### What is required
Look through the entries below and extract exactly the lines from the one containing "Green incense stick" through the one containing "a full moon is seen over a city at night", ends included.

### Data records
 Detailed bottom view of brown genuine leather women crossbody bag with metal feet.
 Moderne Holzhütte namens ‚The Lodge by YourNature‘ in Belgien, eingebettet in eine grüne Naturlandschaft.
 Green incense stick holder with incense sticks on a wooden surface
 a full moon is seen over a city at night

---

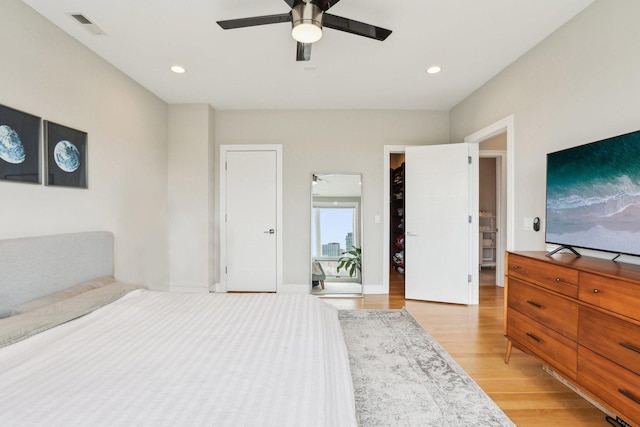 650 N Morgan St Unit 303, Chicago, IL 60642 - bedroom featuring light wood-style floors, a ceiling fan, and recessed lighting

* * *

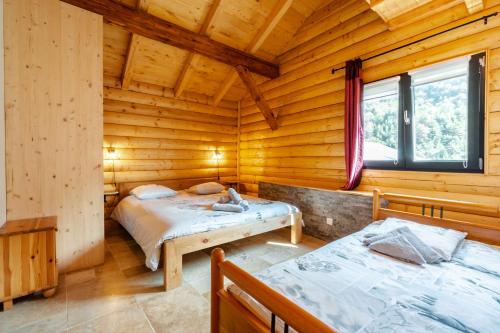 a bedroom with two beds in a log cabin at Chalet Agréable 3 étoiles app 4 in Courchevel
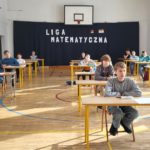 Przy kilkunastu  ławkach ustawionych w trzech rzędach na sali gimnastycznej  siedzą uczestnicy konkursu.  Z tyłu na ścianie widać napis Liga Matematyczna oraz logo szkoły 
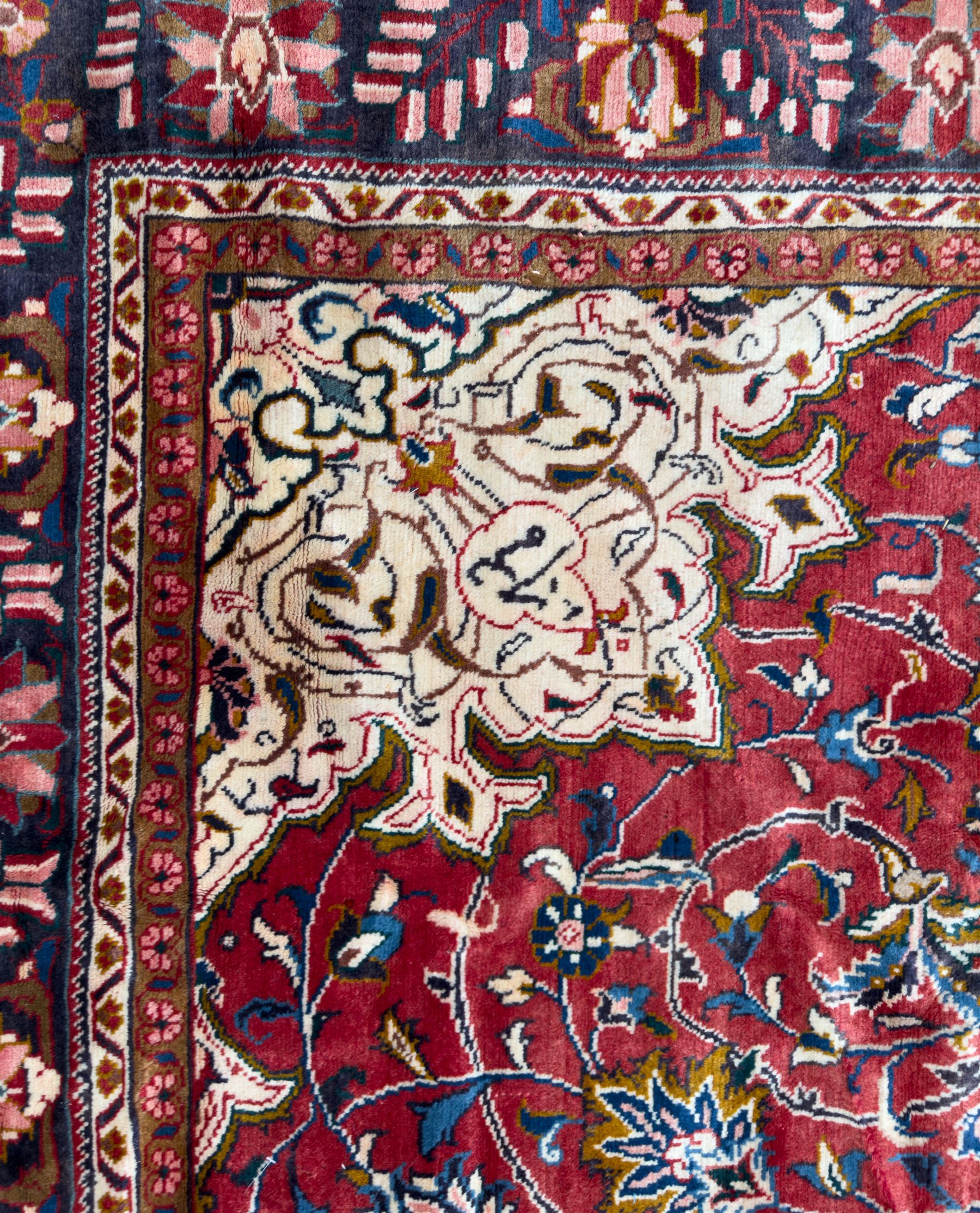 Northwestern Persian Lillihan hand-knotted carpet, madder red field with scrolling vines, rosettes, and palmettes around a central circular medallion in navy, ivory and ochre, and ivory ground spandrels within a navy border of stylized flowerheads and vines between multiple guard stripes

### Written response
 Green incense stick holder with incense sticks on a wooden surface
 a full moon is seen over a city at night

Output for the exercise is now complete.